Records provided section start

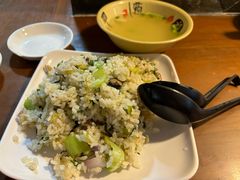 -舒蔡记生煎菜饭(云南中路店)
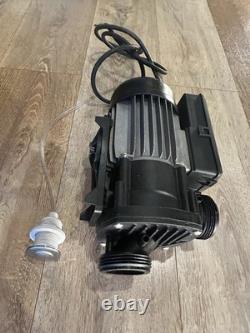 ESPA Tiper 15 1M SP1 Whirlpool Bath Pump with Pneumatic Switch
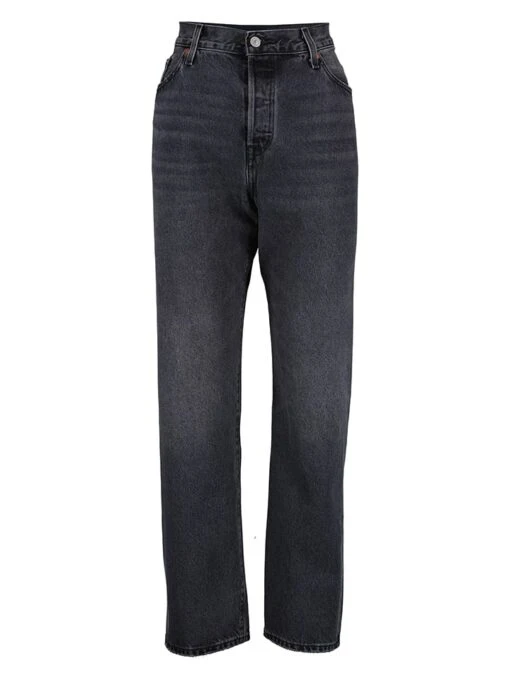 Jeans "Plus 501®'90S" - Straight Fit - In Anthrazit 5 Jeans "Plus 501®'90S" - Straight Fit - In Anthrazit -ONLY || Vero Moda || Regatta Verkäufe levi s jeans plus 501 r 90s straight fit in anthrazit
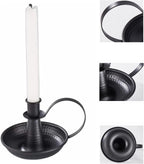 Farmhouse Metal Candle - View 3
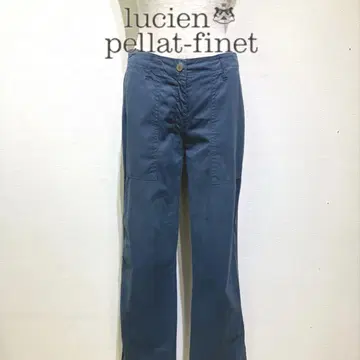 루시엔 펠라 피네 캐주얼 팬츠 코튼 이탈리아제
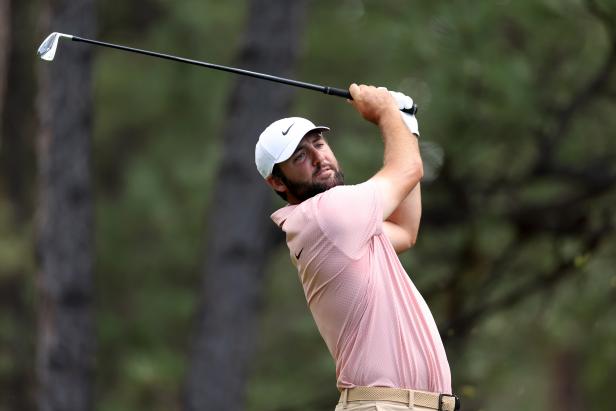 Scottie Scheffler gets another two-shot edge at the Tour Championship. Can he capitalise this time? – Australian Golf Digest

Records provided section end
Records provided section start

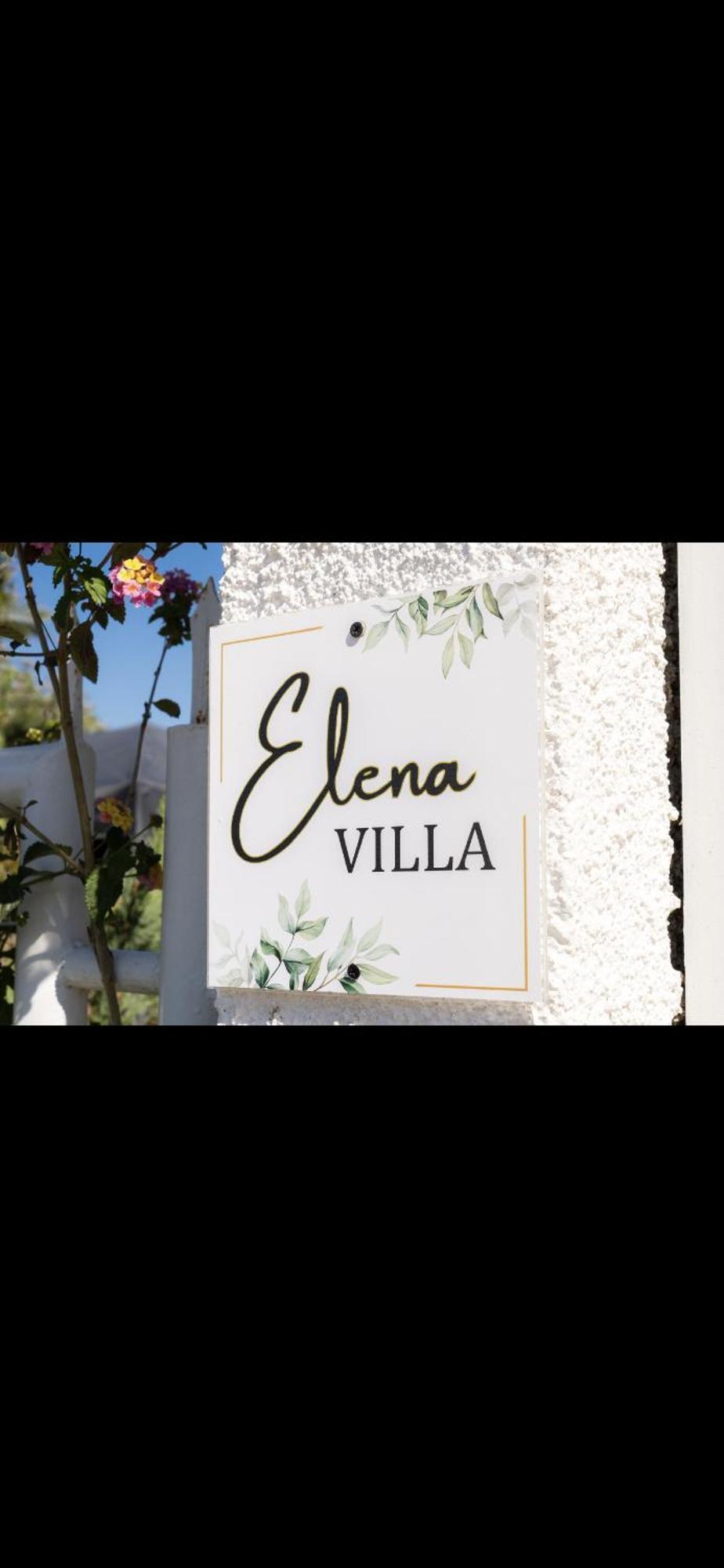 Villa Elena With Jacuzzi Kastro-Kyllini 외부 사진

Records provided section end
Records provided section start

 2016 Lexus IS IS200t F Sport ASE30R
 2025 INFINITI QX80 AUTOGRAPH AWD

Records provided section end

● **What to do**:
Copy word for word the span of the records above that begins at the line with "-舒蔡记生煎菜饭(云南中路店)" and ends at the line with "ESPA Tiper 15", including those two lines but not the pictures.

● **Answer for this exercise**:
 -舒蔡记生煎菜饭(云南中路店)
 ESPA Tiper 15 1M SP1 Whirlpool Bath Pump with Pneumatic Switch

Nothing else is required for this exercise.